Читаем Два злобных изма: пинкертонизм и анархизм полностью

Я был в комнате оперативников, когда услышал шум, говоривший о допросе третьей степени. Кабинет управляющего отделялся от комнаты оперативников матовой стеклянной дверью. В матовом стекле был проделан глазок, чтобы мы могли исподтишка видеть, что происходит в этом святилище закона и порядка. Через глазок я увидел, что Пэт Барри выбивает признание из невиновного человека, и каждый раз, когда огромный ирландский кулак Пэта Барри опускается на лицо бедняги, брызжет кровь. Я достал из стола свой старый ковбойский кольт 45-го калибра и ринулся в бой. Направив револьвер в лицо Пэта Барри, я заставил его отступить. Затем я рассказал управляющему Имсу, что своими глазами видел, как Пэт Барри и Док Уильямс совершили ограбление, которое пытаются повесить на несчастного мистера Джоя.
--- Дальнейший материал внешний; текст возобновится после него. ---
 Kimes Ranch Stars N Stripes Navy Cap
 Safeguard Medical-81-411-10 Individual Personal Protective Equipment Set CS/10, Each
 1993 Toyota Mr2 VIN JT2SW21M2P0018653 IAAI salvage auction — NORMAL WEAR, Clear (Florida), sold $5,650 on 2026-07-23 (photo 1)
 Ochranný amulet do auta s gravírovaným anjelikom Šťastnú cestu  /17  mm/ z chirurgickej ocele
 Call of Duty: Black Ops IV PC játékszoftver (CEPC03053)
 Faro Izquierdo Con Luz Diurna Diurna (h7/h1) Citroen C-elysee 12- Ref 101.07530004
Мистеру Джою разрешили уйти, а после его ухода управляющий Имс сказал, что меня уволят за вмешательства в дела, которые меня не касаются.
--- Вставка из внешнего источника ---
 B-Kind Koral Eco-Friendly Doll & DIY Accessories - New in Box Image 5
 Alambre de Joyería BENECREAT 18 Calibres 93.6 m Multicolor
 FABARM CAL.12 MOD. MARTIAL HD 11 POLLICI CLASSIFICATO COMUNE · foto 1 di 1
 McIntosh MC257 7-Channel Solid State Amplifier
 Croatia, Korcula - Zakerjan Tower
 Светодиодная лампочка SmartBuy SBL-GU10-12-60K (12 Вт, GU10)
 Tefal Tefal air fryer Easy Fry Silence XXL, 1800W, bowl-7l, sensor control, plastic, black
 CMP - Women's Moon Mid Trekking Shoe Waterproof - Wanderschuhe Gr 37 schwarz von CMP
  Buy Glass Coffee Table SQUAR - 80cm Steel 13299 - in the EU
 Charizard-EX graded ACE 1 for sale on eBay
Через несколько дней я встретил этого человека. У него была больная жена и новорождённый младенец, и он не знал, как выразить мне свою благодарность.

Док Уильямс и Пэт Барри поклялись разобраться со мной, и следующие несколько месяцев, когда они находились в комнате оперативников, я не выпускал из рук свой старый кольт, своего лучшего друга в те времена. Один раз Пэт Барри, будущий шеф полиции города Портленд (Орегон) достал револьвер, но я выбил его.
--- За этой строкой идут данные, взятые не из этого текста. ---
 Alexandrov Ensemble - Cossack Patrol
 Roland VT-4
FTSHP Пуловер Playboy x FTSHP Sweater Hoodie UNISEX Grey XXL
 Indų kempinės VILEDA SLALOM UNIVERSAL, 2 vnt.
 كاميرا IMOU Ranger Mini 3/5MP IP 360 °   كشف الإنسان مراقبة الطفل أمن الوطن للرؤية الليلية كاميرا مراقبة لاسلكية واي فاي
Кто-то может удивиться, что я не разоблачил агентство и его методы. Меня бы подняли на смех. Сама мысль о том, что одиночка выдвинет такое обвинение в денверском суде, – из разряда нелепостей. Только один раз оно могло закончиться успешно, во времена правления губернатора Уэйта по прозвищу Кровавые Удила.

Как можно сомневаться в чистоте этого чудовищного агентства, когда существует большая фотография, на которой Аллан Пинкертон стоит рядом с нашим любимым президентом Эйбом Линкольном на поле кровавой битвы? Эти фотографии висят на видном месте во всех конторах агентства как символ чистоты.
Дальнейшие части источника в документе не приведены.